This series is in German and English.

Roman numerals in the container list refer to the earlier typewritten inventory. Numbers refer to the earlier inventory available at the LBI which lists each clipping.

Series II is comprised of the following five subseries:

Scope and Content:

Clippings include articles about Picard's written works, articles by and about Gertrud Kolmar, and editorials. Many clippings focus on issues related Jewish life, religion, and literature, or on well-known Jewish personalities, and most of the clippings are from Jewish newspapers and newsletters.

Subseries 1: Clippings by Jacob Picard, 1908-1964

Scope and Content:

Subseries 1 holds clippings written by Jacob Picard, and published under his name.
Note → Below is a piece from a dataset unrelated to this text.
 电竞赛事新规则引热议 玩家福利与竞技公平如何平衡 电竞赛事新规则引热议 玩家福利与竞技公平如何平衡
Most of these clipping focus on literary issues, including poetry.

31Clippings (II.A; Nos. 1-50)1908-1934
32Clippings (II.A; Nos. 51-105)1934-1949
33Clippings (II.A; Nos. 106-157)1951-1964

Subseries 2: Clippings Under Pseudonyms,  1920-1937

Scope and Content:

This subseries is comprised of newspaper articles written by Jacob Picard under his pseudonyms J.P. Wangen and Jakob Badner. Items found here include poetry, literary articles, and an article on Jews in Wangen.

34Clippings, Editorials (II.B; Nos. 1-25)1920-1937

Subseries 3: Literary Works by Others, undated, 1938-1950

Scope and Content:

Subseries 3 does not include clippings, but does hold writings by other authors. Significant among these writings are many poems by Marianne Rein as well as some poetry by Gerturd Kolmar. A play written by Gertrud Kolmar will also be found here.

35Poetry and Editorials (II.C; Nos. 1-16)1938-1950
36Cécile Renault: Schauspiel in vier Aufzuegen von Gertrud Kolmar — Original: FRAGILE - NOT FOR USE (II.C; No. 16)undated

Subseries 4: Clippings about Jacob Picard and his Literary Works,  1882-1964

Scope and Content:

Subseries 4 holds clippings concerning Jacob Picard and his literary works. Items mentioned in the clippings in this subseries include the Bodensee-Literatur award he received, biographical articles, and articles concerning his works Der Gezeichnete and Franz Sigel: Bürger und Soldat, Kämpfer für die Freiheit in zwei Welten. Other articles found here include reviews Jacob Picard wrote concerning other authors' works, announcements for his books, and articles on Jewish topics.

37Clippings (II.D; No.1)1882-1964
38Clippings, Articles (II.D; No.2)1936-1963

Subseries 5: Clippings about Gertrud Kolmar, 1956-1957

Scope and Content:

This subseries is comprised of newspaper clippings about Gertrud Kolmar and her works. It includes some biographical information on Gertrud Kolmar (also known as Gertrud Chodziesner), reviews of her works, and correspondence concerning the Berliner-Kritiker-Verband Literatur-Preis Gertrud Kolmar received in 1956. Subseries 5 also contains clippings of Gertrud Kolmar's poetry and a foreword written by Jacob Picard for the book Gertrud Kolmar: Das Lyrische Werk.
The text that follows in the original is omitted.